BUDGET REFORM, TAKE TWO: City Council Speaker Christine Quinn re-thought her original plan of having groups applying for Speaker's Office funding go through a Request-for-Proposal system after getting heat from several Council Members. 'I obviously liked the idea of having a competitive process for that $20 million; other people liked it a little bit less, I think it's fair to say,' she said.

Four weeks earlier, the Speaker had announced the creation of an Independent Compliance Officer to oversee spending, a Web site listing organizations applying for funding, and a Request-For-Proposal process for organizations seeking funding from the Speaker's Office.

Bows to Internal Pressure

Last week, Ms. Quinn scrapped the RFP system, which many Council Members believed granted the Mayor's Office too much control over the Council budget. She was conspicuously flanked by more than a dozen Council Members as she explained her change of heart.

"I obviously liked the idea of having a competitive process for that $20 million. Other people liked it a little bit less, I think it's fair to say," she said during a press conference at City Hall.

She announced that groups with budgets exceeding $25,000 would have to be registered with the State Attorney General's Office and that groups seeking discretionary funding would need to be cleared by the Mayor's Office of Contracts.

"Any allocation over $10,000 - whether it comes from the Speaker's discretionary fund, the member items or from initiatives that have Council discretion, so we're talking over $2 million - any of those will now go through a significantly increased vetting process, a pre-clearance process," Ms. Quinn said. "We will have a level of assurance that after they go through this pre-clearance vetting process that they have met a standard of ethics, they have met a standard of business integrity and they have demonstrated a capability to do the work we are seeking that they do on behalf of New Yorkers."

No Disclosure, No Grant

Ms. Quinn added that while Council Members had to disclose conflicts of interest when it came to funding organizations, the law was not specific as to what that meant. Her announcement included a requirement that Council Members list conflicts on paper.

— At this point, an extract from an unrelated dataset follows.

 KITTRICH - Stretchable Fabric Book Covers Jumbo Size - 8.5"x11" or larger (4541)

"Members will not have their discretionary items processed if they do not fill out their disclosure forms," she said.

Several government watchdog groups praised the changes, but added that they should be seen as the beginning of a continuing reform process.

"These reforms are not a panacea and will likely require further refinement after we have a year's worth of experience behind us, but properly implemented, they should bring stronger integrity to the Council's budget process and restore some measure of public confidence that their hard-earned tax dollars are supporting legitimate organizations which perform valuable public service," said Citizens Union Executive Director Dick Dadey in a statement.

Liu Not Sold

Several prominent Council Members including Leroy Comrie, Robert Jackson and David Weprin hailed Ms. Quinn's announcement last week. But Councilman John Liu, who had blasted Ms. Quinn's initial budgetary changes in the immediate aftermath of the scandal, remained skeptical of the Speaker's plans.

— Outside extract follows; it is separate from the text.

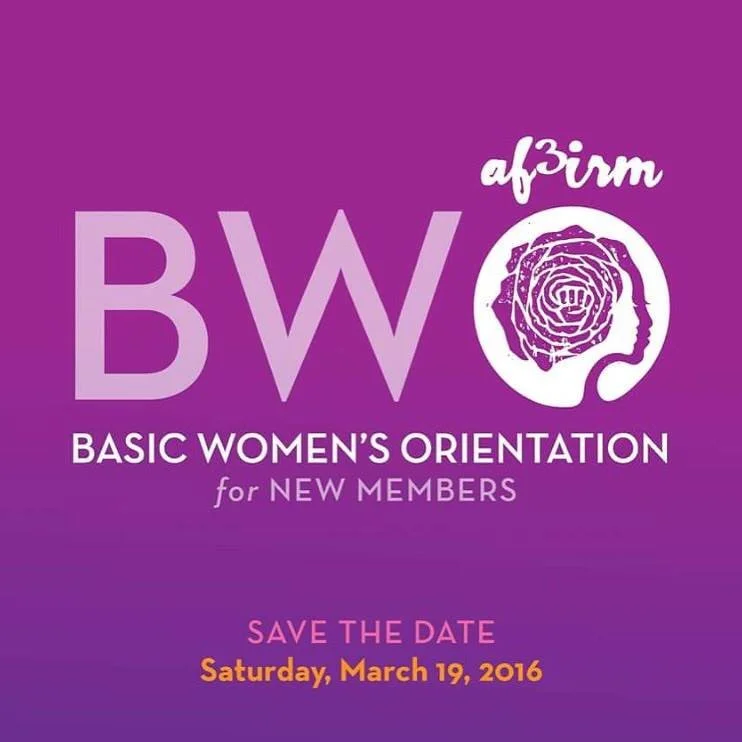New York | Basic Women's Orientation on March 19th!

"These changes are much ado about not much," he said. "They don't even take care of the biggest problem, which has been fictitious organizations."

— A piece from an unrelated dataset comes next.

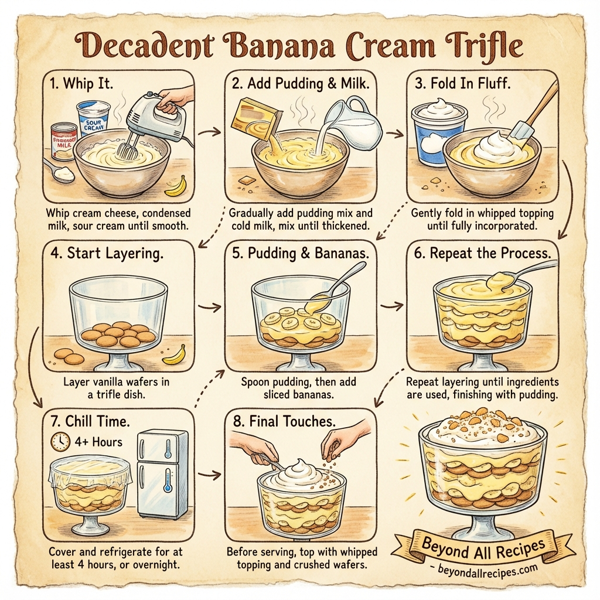 Decadent Banana Cream Trifle instructions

The practice of allocating money to phantom organizations had been going on under two previous Speakers as well, and Ms. Quinn insisted that as soon as she became aware of it last year that she notified Federal and city investigators. Two aides of Councilman Kendall Stewart were indicted last month on Federal charges of embezzling $145,000 in discretionary funding, with one of them allegedly sending $31,000 to relatives in Jamaica. "Was it a very troubling, inappropriate, unacceptable practice to have fictitious groups in the budget? Yes, without a doubt," Ms. Quinn said. "New Yorkers are right to say it was wrong."